- _EXERCISE MATERIALS_:
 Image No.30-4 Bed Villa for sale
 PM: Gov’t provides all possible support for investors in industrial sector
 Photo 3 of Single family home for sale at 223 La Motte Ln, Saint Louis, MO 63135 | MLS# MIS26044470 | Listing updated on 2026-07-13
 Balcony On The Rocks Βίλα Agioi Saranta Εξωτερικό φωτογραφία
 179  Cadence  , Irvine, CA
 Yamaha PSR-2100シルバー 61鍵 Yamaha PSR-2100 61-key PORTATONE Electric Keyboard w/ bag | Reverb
--
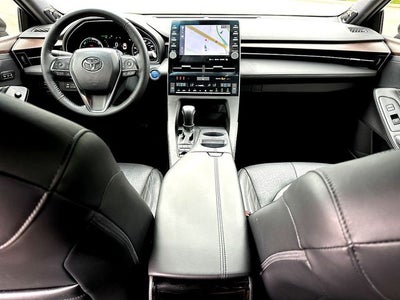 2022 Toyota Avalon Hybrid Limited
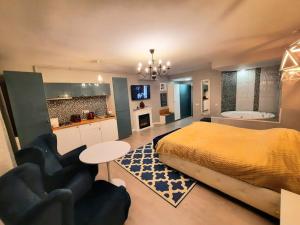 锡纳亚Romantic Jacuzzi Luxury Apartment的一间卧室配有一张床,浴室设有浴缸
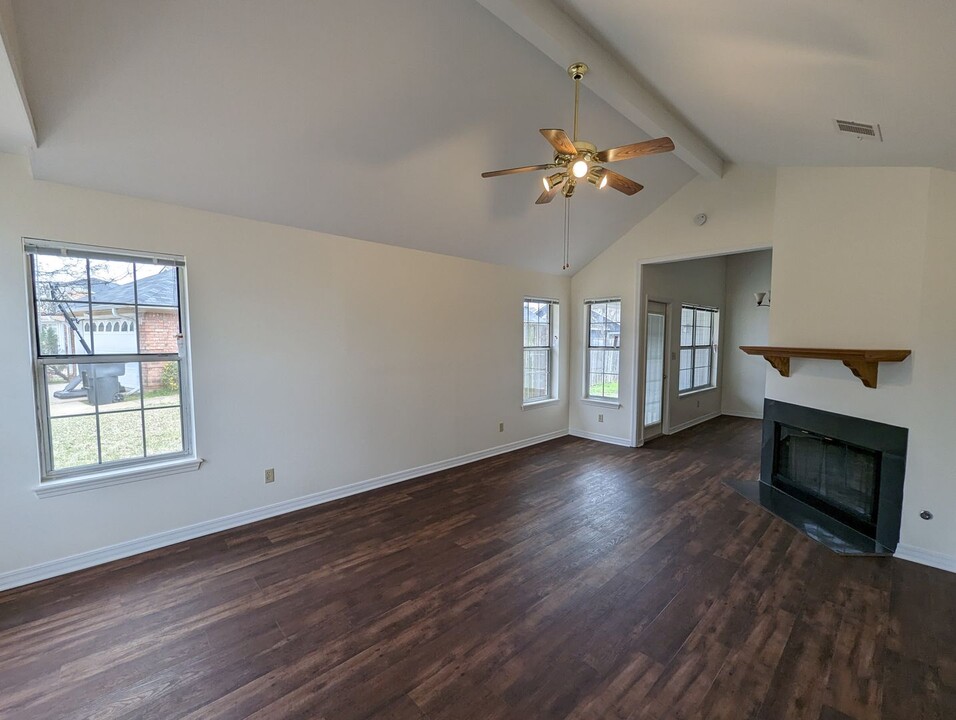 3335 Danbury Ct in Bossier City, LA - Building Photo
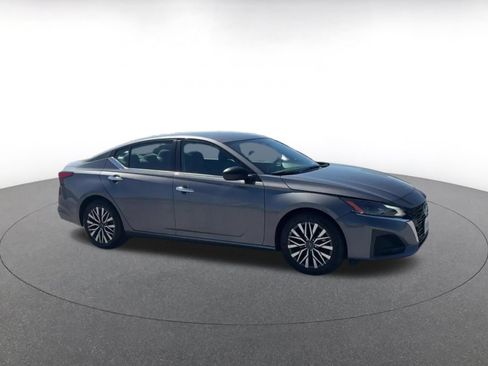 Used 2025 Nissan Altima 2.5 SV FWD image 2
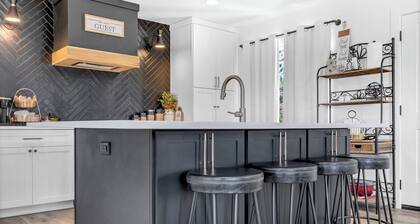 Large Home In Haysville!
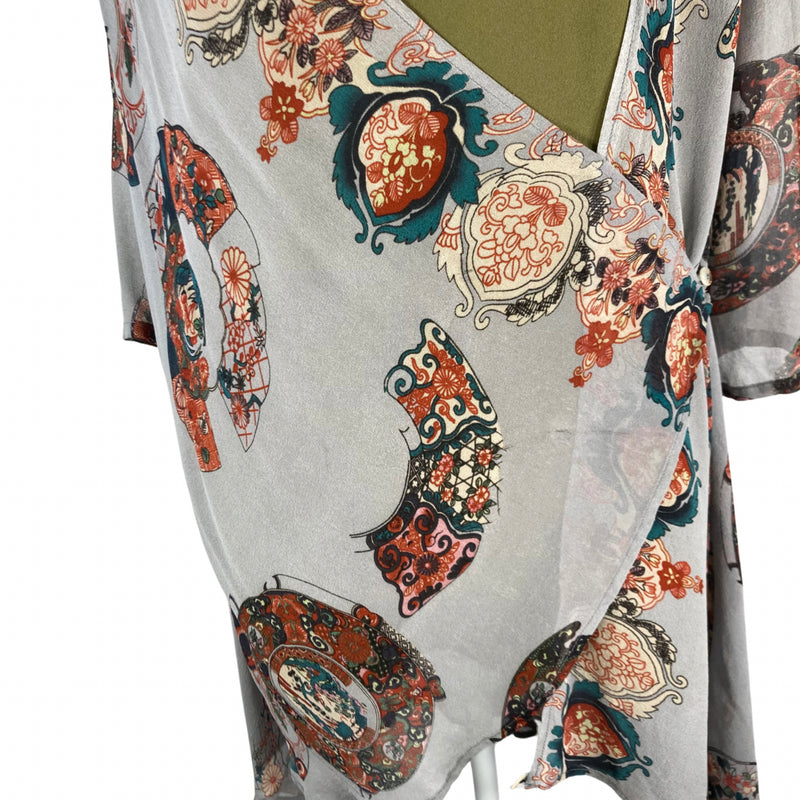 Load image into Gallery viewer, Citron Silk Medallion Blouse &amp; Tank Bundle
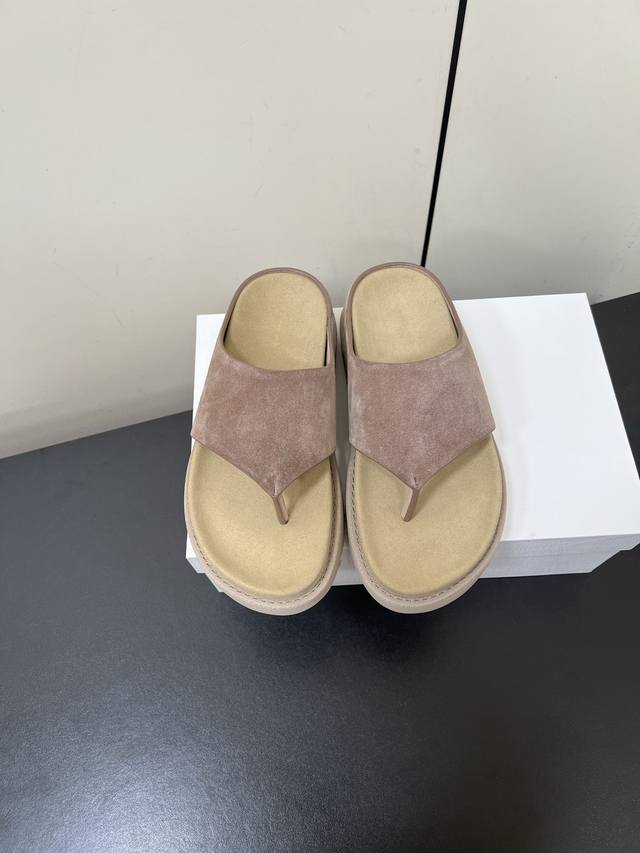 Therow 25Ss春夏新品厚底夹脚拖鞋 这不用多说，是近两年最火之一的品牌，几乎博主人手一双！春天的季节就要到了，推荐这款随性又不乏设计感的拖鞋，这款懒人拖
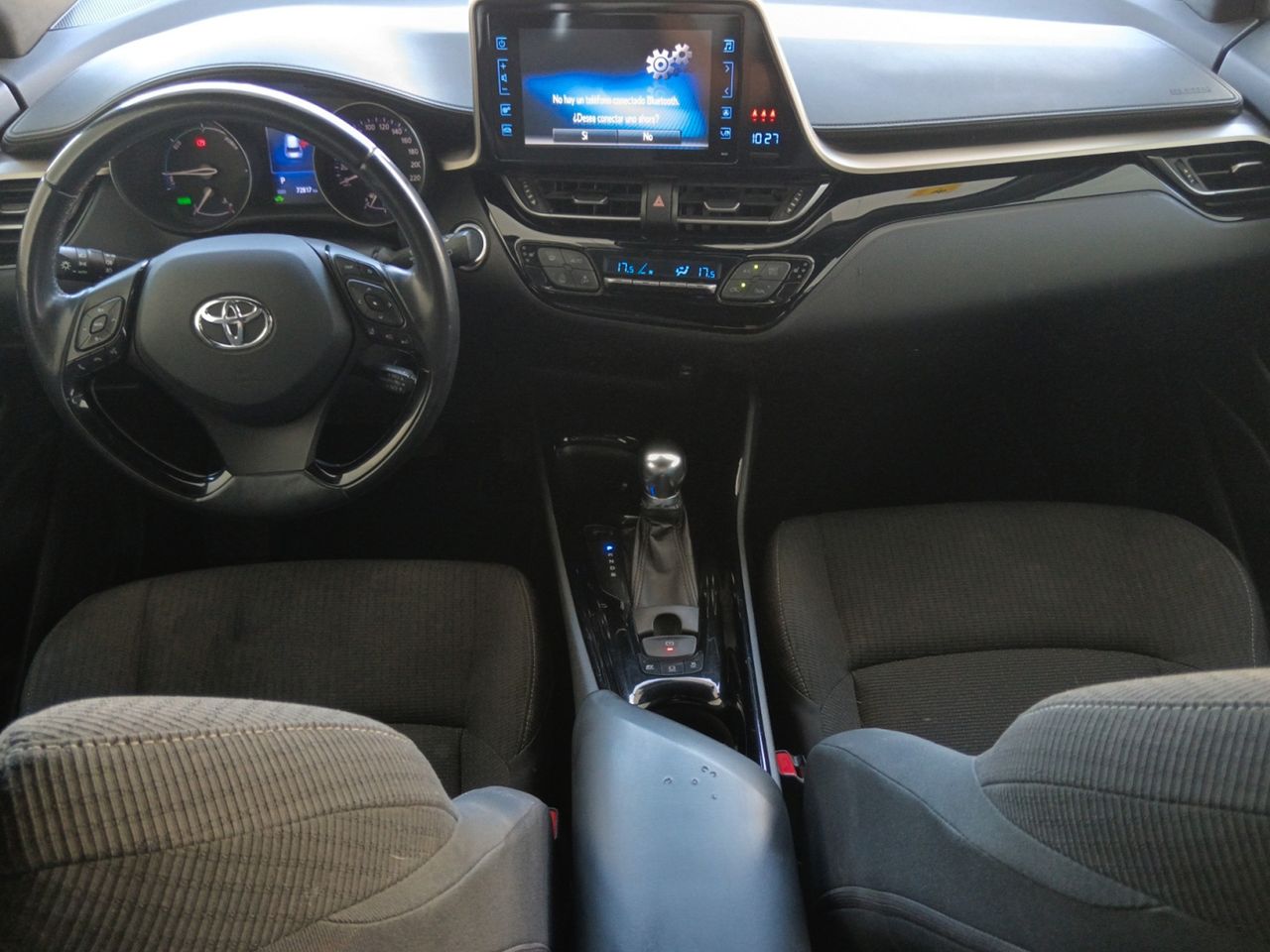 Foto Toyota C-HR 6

- _PROBLEM STATEMENT_: Check the material above line by line, and give only the number of lines holding the string "sale".

- _RESPONSE AREA_: 2